MLlib Main Guide: https://spark.apache.org/docs/2.4.3/ml-frequent-pattern-mining.html#fp-growth  
Official API documentation: https://spark.apache.org/docs/2.4.3/api/python/pyspark.ml.html#module-pyspark.ml.fpm.FPGrowth

Please navigate to the API guide and MLlib Main Guide to learn more about the FPGrowth and it's syntax.

### Example:

In [12]:
from pyspark.ml.fpm import FPGrowth

data = [
    (0, [1, 2, 5]),
    (1, [1, 2, 3, 5]),
    (2, [1, 2]),
    (3, [1, 2, 5]),
    (4, [1, 2, 3, 5]),
    (5, [1, 2, 7]),
    (6, [1, 2, 5]),
    (7, [1, 2, 3, 5]),
    (8, [1, 2, 4]),
]

df = spark.createDataFrame(data, ["id", "items"],)

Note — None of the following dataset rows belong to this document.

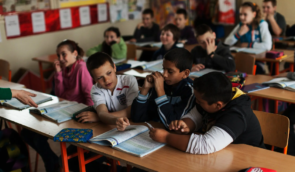 Єврокомісія подасть до суду на Словаччину через дискримінацію ромських дітей у місцевих школах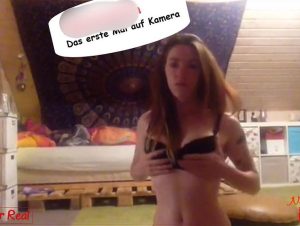 Nicky Foxx Porno Video: Mein allererstes Video. Selbstbefrie***ng vom Feinsten. (2018)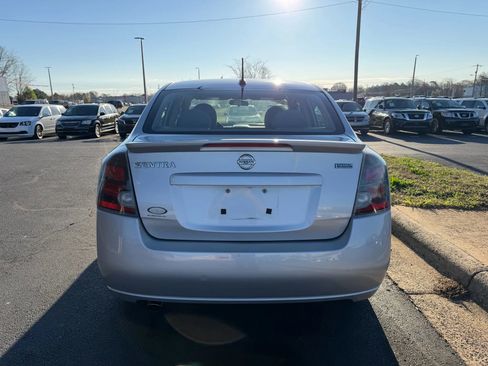 Used 2012 Nissan Sentra 2.0 SR w/ Special Edition Pkg image 6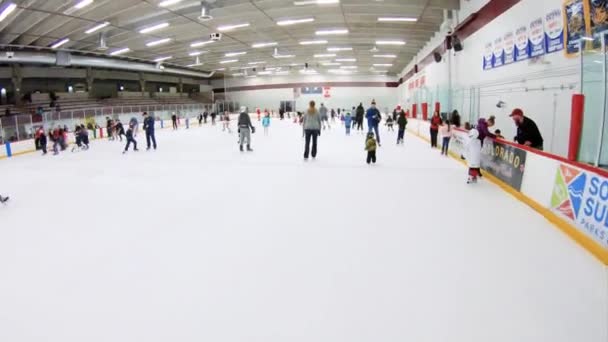 デンバー コロラド州 2018 公共アイス屋内アイス スケート リンクでスケート — ストック動画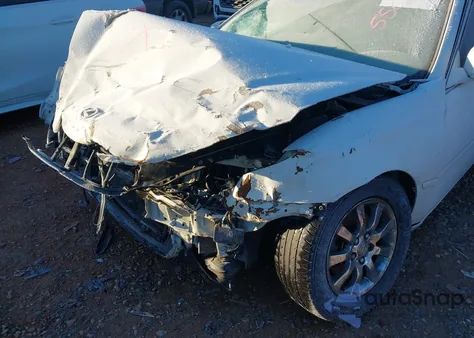 2002 Lexus Es 300 из США, поврежденный, VIN JTHBF30G620085501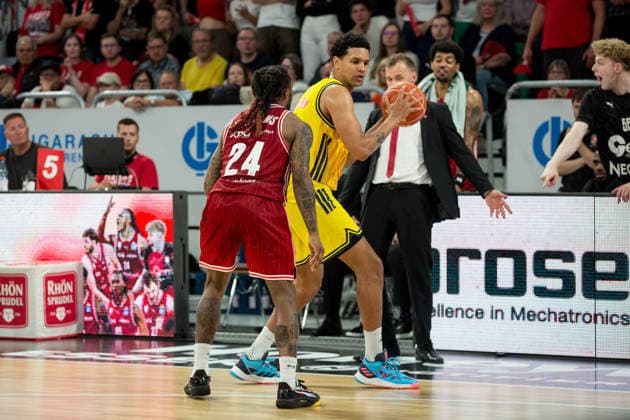 Bamberg, Deutschland 04. Juni 2026: 1. BBL Playoff Halbfinale - 2025 2026 - Sp. 3 - Bamberg Baskets gegen Alba Berlin Im Bild: v. li. Cobe Williams (Bamberg) und Jack Kayil (Berlin) Brose Arena Bayern Copyright: xFotostandx xSchmittx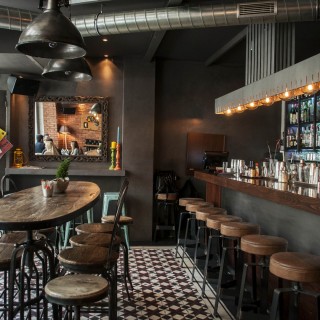 Στο Spollati για ιδιαίτερες ποικιλίες καφέ και λαχταριστό burger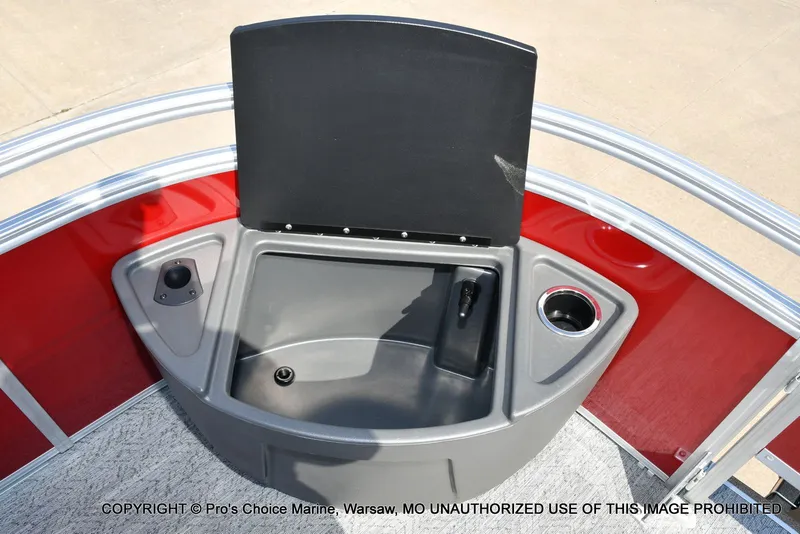 Slide: The Image of Sun Tracker FISHIN' BARGE 22 DLX w/150HP Mercury 4 Stroke 2026 - 35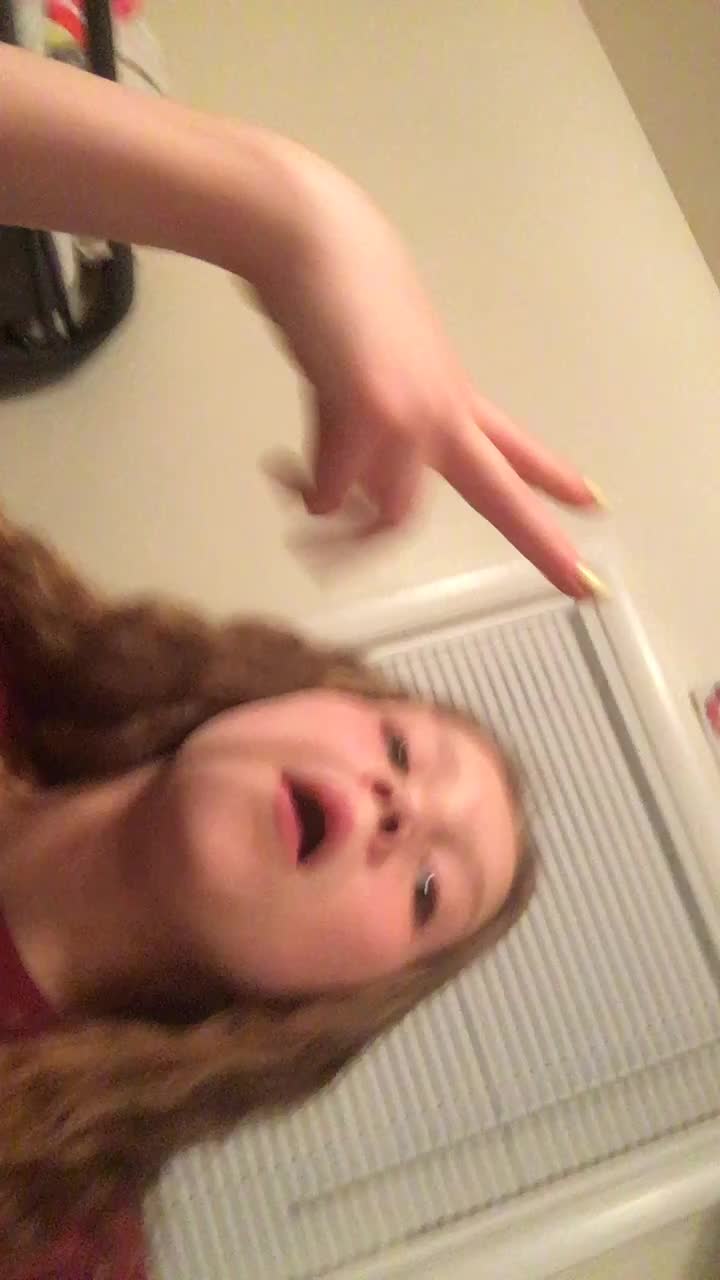 @SATINE THOMAS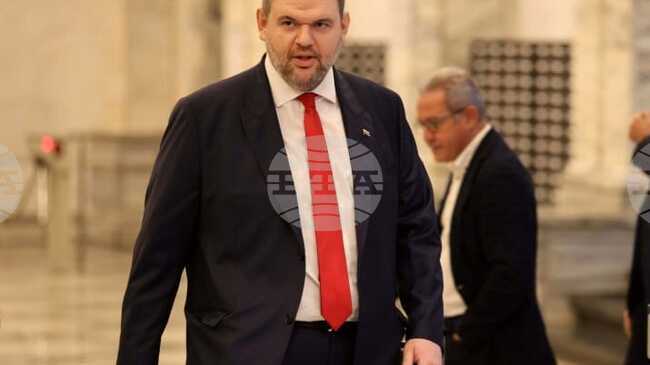 Парламентарната група на „ДПС – Ново начало“ не уважи клетвата на служебния кабинет, написа Делян Пеевски 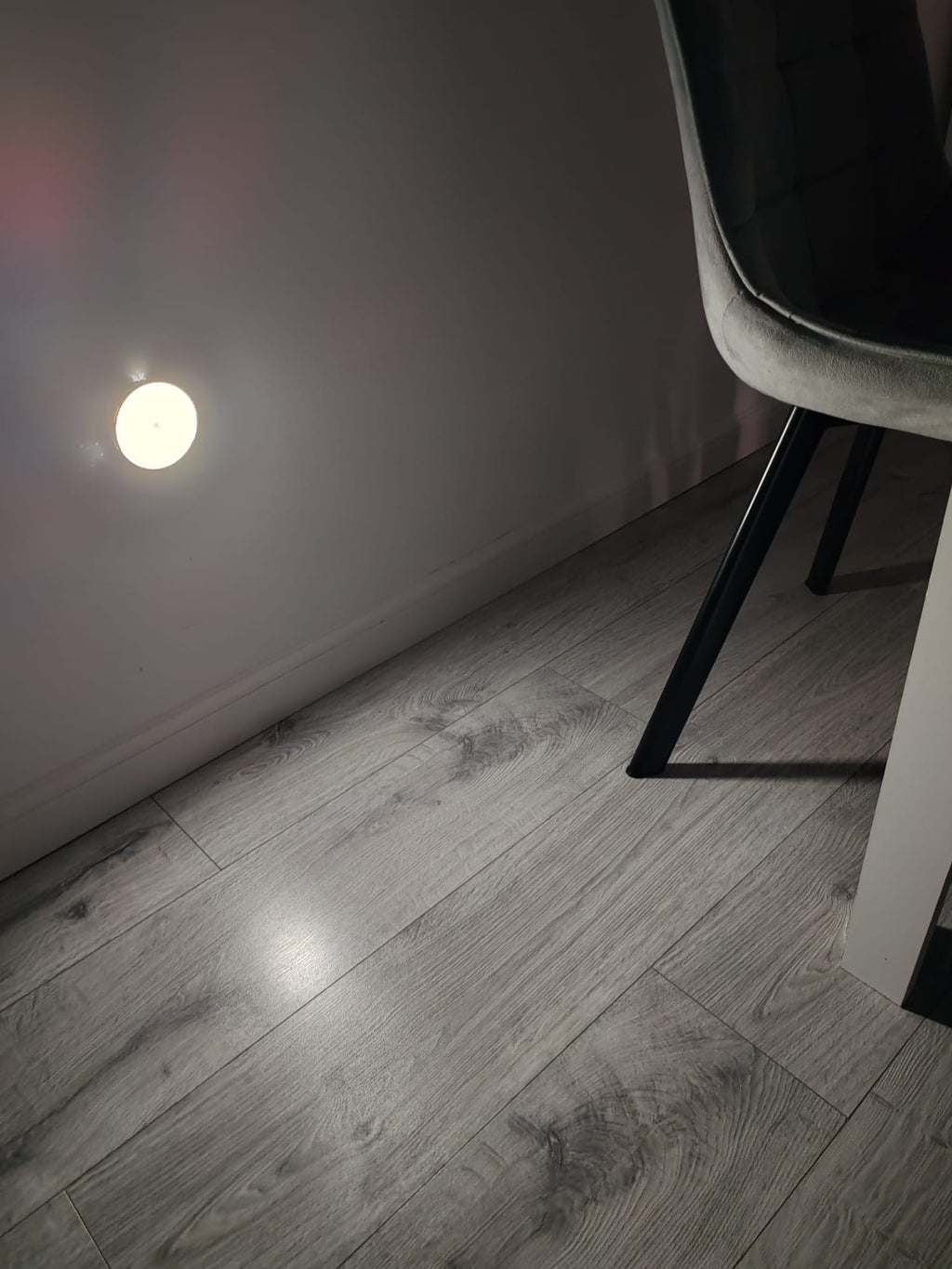 Lampa LED cu senzor de miscare - se aprinde automat noaptea (Pachet 2 bucati)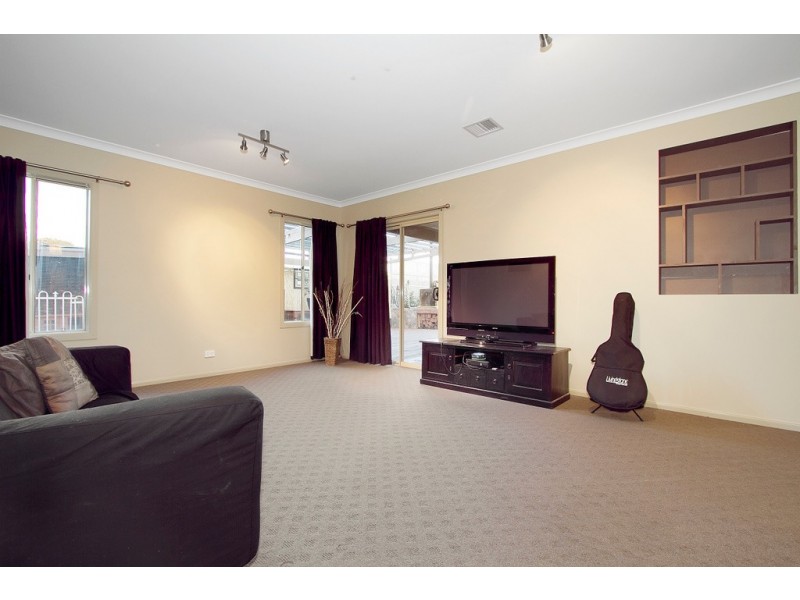 11 Azimuth Close, Narre Warren South VIC 3805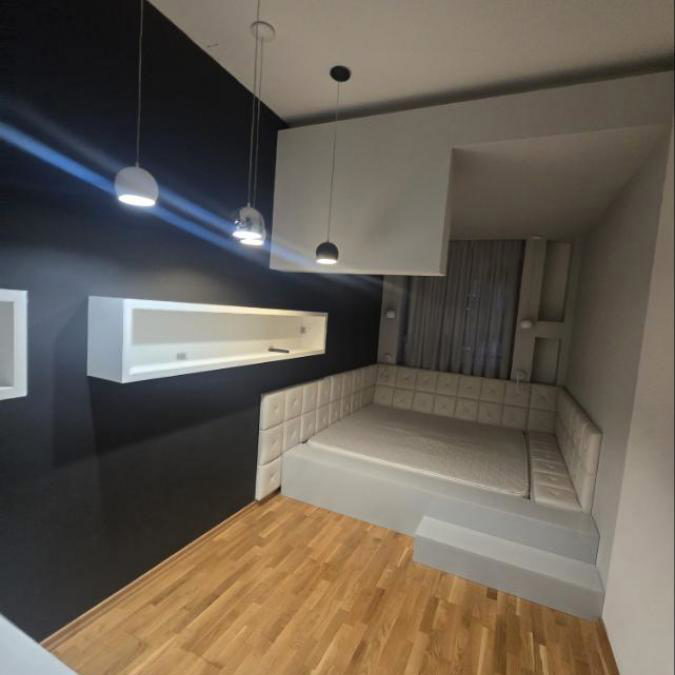 Trosoban stan za izdavanje, Bulevar Oslobođenja, Novi Sad, 90m², 1.300 €/mes
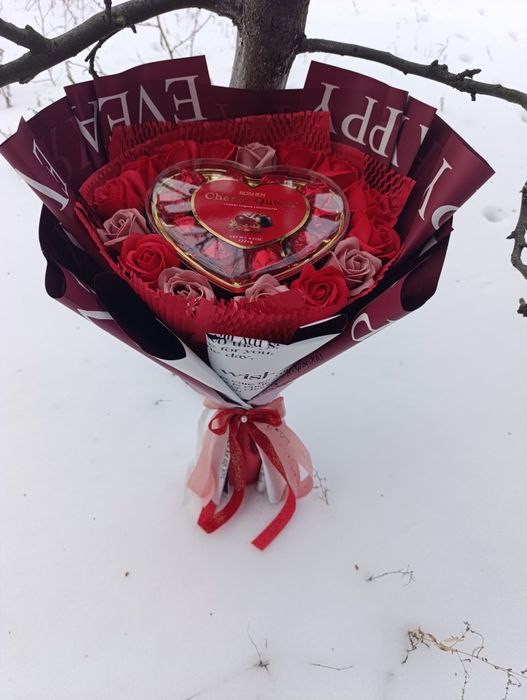 Букети з цукерок та мильних квітів, подарунок до свята весни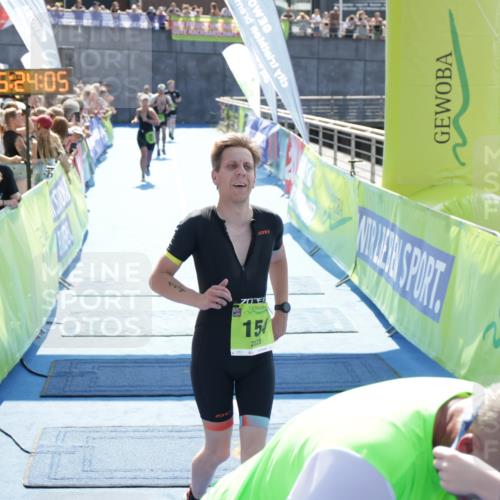 10.08.2025 - GEWOBA Citytriathlon Bremen H.Heesch http://msf.ph/oto/8555486 10.08.2025 15:24:09 Ziel 154, 250, 478 meine-sportfotos.de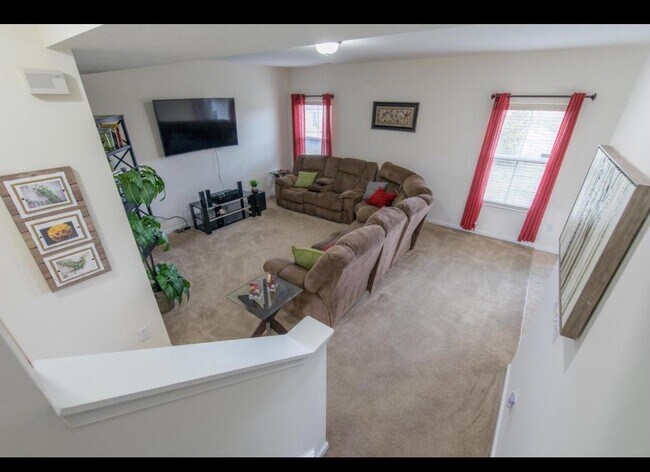 Building Photo - 6143 Brandon Dr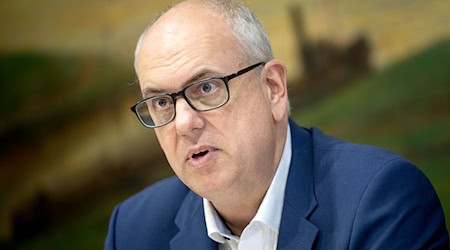 Mit Blick auf die AfD hat Andreas Bovenschulte (SPD), Bürgermeister von Bremen, keine Zweifel mehr (Archivbild) / Foto: Sina Schuldt/dpa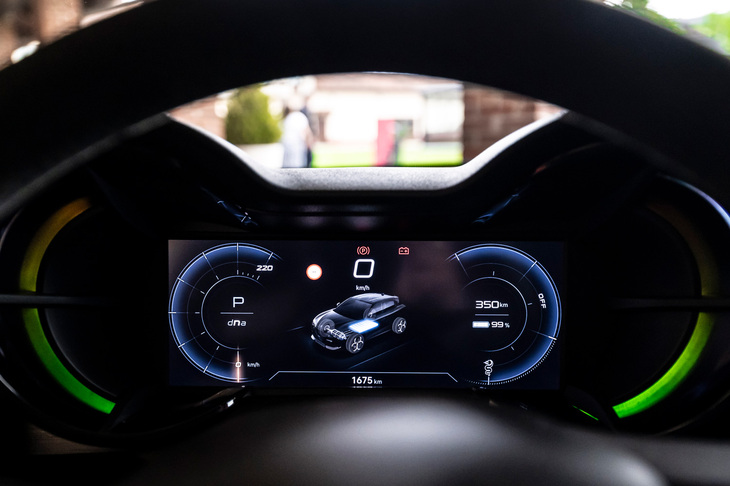 メーターナセルの内側に備わる、フルカラーのドライバーインフォメーションディスプレイ。高精細で視認性は申し分ない。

fp_growth = FPGrowth(itemsCol="items", minSupport=0.5, minConfidence=0.6)
model = fp_growth.fit(df)

# Display frequent itemsets.
print("Frequent itemsets:")
model.freqItemsets.show()

# Display generated association rules.
print("Generated association rules")
model.associationRules.show()

# transform examines the input items against all the association rules and summarize the
# consequents as prediction
print("Summary/Prediction:")
model.transform(df).show()

## PrefixSpan
A parallel PrefixSpan algorithm to mine frequent sequential patterns. The PrefixSpan algorithm is described in [J. Pei, et al., PrefixSpan: Mining Sequential Patterns Efficiently by Prefix-Projected Pattern Growth](http://doi.org/10.1109/ICDE.2001.914830)

### `pyspark.ml.fpm.PrefixSpan`

> __Note:__ This class is not yet an Estimator/Transformer, use `.findFrequentSequentialPatterns()` method to run the `PrefixSpan` algorithm. This feature was newly added in Spark 2.4.0.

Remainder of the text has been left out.